Mamdani’s hope lies in forging a wide coalition of the disaffected: existing progressive and left-wing areas (where he will have competition from a number of liberal candidates), Muslim voters and those otherwise outraged at American support for genocide, swathes of the cost-burdened working class whose votes have recently swung between parties, and of course “the vote of an element whose hostility the Mayor has incurred,” whose ranks are swelling in response to Adams’s flagrant corruption.

So far, his campaign seems targeted on this strategy. In a particularly compelling early campaign video, Mamdani interviewed pedestrians on Fordham Road in the Bronx and Hillside Avenue in Queens, working class, heavily non-white neighborhoods that saw some of the largest shift toward Trump (and nonvoting) in the city. Interviewees consistently cited groceries, rent, and other rising costs as well as Democrats’ support for Israel, as reasons that drove them away from liberals and toward the Right. Each responds glowingly to Mamdani’s platform, and many pledge to vote for him.

The campaign would also be smart to focus on spreading this message in New York City’s plethora of local ethnic media outlets, too. Though the city’s once dense civic and associational life has been decimated compared to a century ago, Mamdani will have far more resources at his disposal than Hillquit did even relatively, having raised over $350,000 in just over two months, plus a knack for social media videos. For all his shrewd politicking, Hillquit never went viral.

Mamdani has made clear he is in the race to win, not just proselytize.
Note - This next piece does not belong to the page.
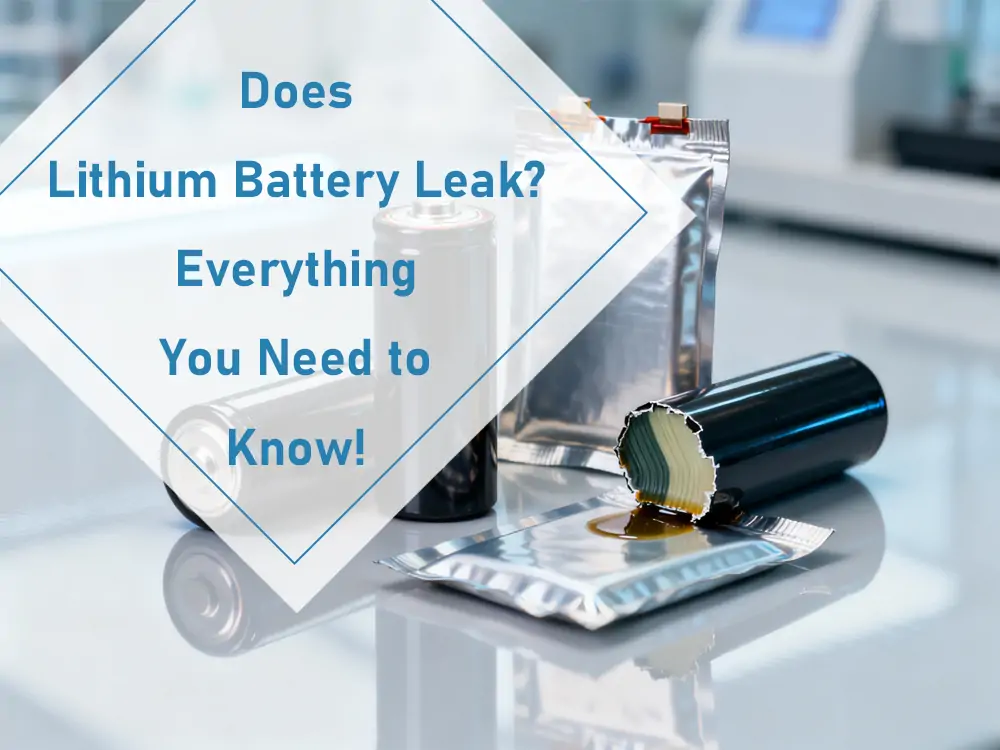 Does Lithium Battery Leak Everything You Need to Know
But should he fall short, the race could still have long-lasting impacts for the Left. His candidacy has already helped reframe the race away from questions of technocratic competence and toward material politics. His early embrace of a rent freeze, for example, has already pushed multiple other candidates to adopt the policy themselves. More broadly, DSA’s focus on using the race to build membership in traditionally weaker areas will build strength for future battles. And though he would not have the same access to the levers of power, the massive spotlight on the election can catapult him to the status of a national voice against Israeli genocide.

Following in the footsteps of socialists from 1917 is always an exciting prospect for the Left, but in this case, the footsteps are a mere suggestion. Much more will be required to actually win. Socialists now need not just a strong platform, charismatic messenger, and sizable piggy bank, but countless volunteers organizing, doing outreach, and converting the undecided in diverse neighborhoods across city. The 2025 election portends to be another “puzzle without parallel,” but the socialist left’s return to this level of contention marks a historic opportunity nonetheless. It’s up to New Yorkers to decide what to do with it.